[ Bottom of Page | Previous Page | Next Page | Contents | Index | Library Home | Legal | Search ]

National Language Support Guide and Reference

Multibyte Code and Wide Character Code Conversion Subroutines

The internationalized environment of NLS blends multibyte and wide character subroutines. The decision of when to use wide character or multibyte subroutines can be made only after careful analysis.

If a program primarily uses multibyte subroutines, it may be necessary to convert the multibyte character codes to wide character codes before certain wide character subroutines can be used. If a program uses wide character subroutines, data may need to be converted to multibyte form when invoking subroutines. Both methods have drawbacks, depending on the program in use and the availability of standard subroutines to perform the required processing. For instance, the wide character display-column-width subroutine has no corresponding standard multibyte subroutine.

If a program can process its characters in multibyte form, this method should be used instead of converting the characters to wide character form.

Attention: The conversion between multibyte and wide character code depends on the current locale setting. Do not exchange wide character codes between two processes, unless you have knowledge that each locale that might be used handles wide character codes in a consistent fashion. With the exception of locales based on the IBM-eucTW codeset, AIX locales use the Unicode character value as a wide character code.

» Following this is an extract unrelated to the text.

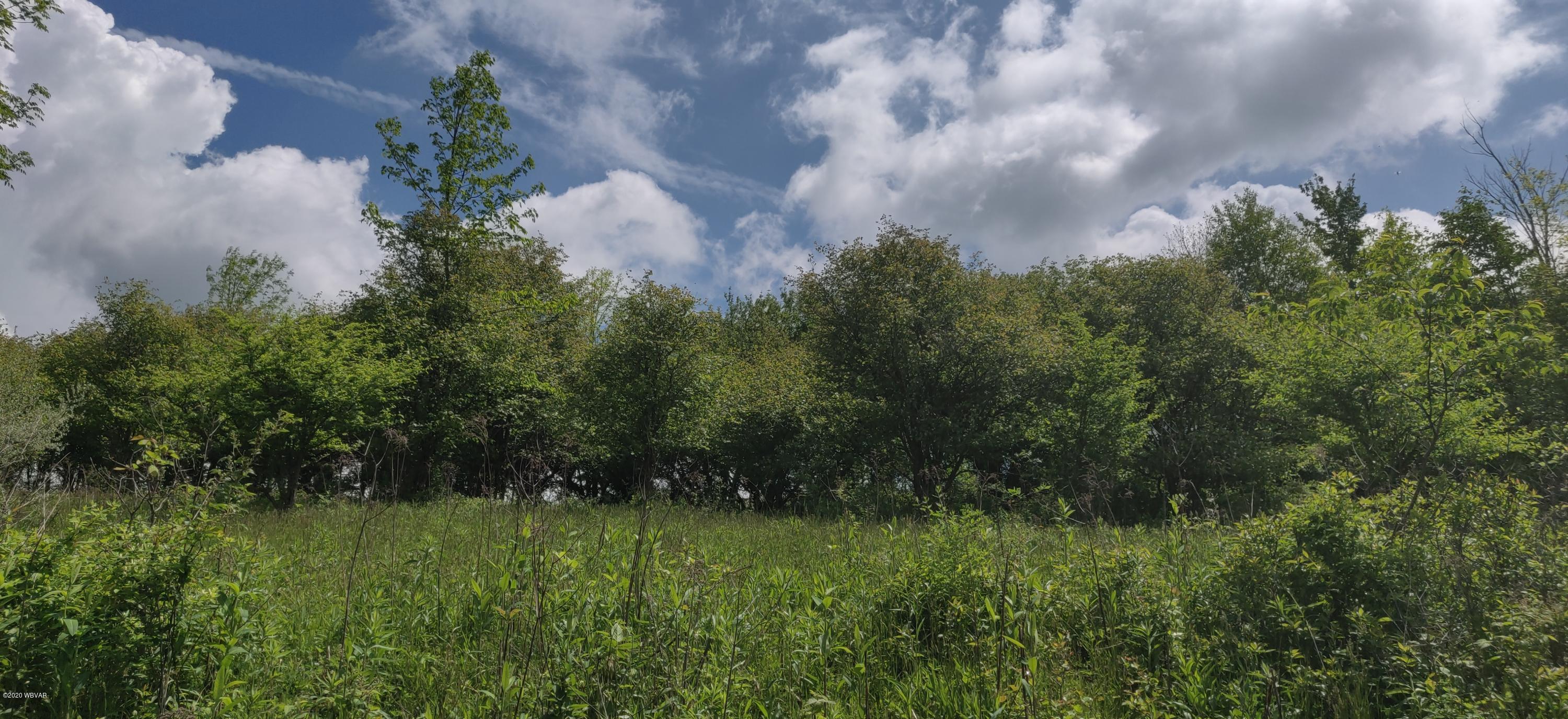 Rietter Hill Road Westfield, PA 16950 - Photo 20 of 24 Gallery Image 20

Multibyte Code to Wide Character Code Conversion Subroutines

The following subroutines are used when converting from multibyte code to wide character code:

mblen
Determines the length of a multibyte character. Do not use p++ to increment a pointer in a multibyte string. Use the mblen subroutine to determine the number of bytes that compose a character.
mbstowcs
Converts a multibyte string to a wide character string.
mbtowc
Converts a multibyte character to a wide character.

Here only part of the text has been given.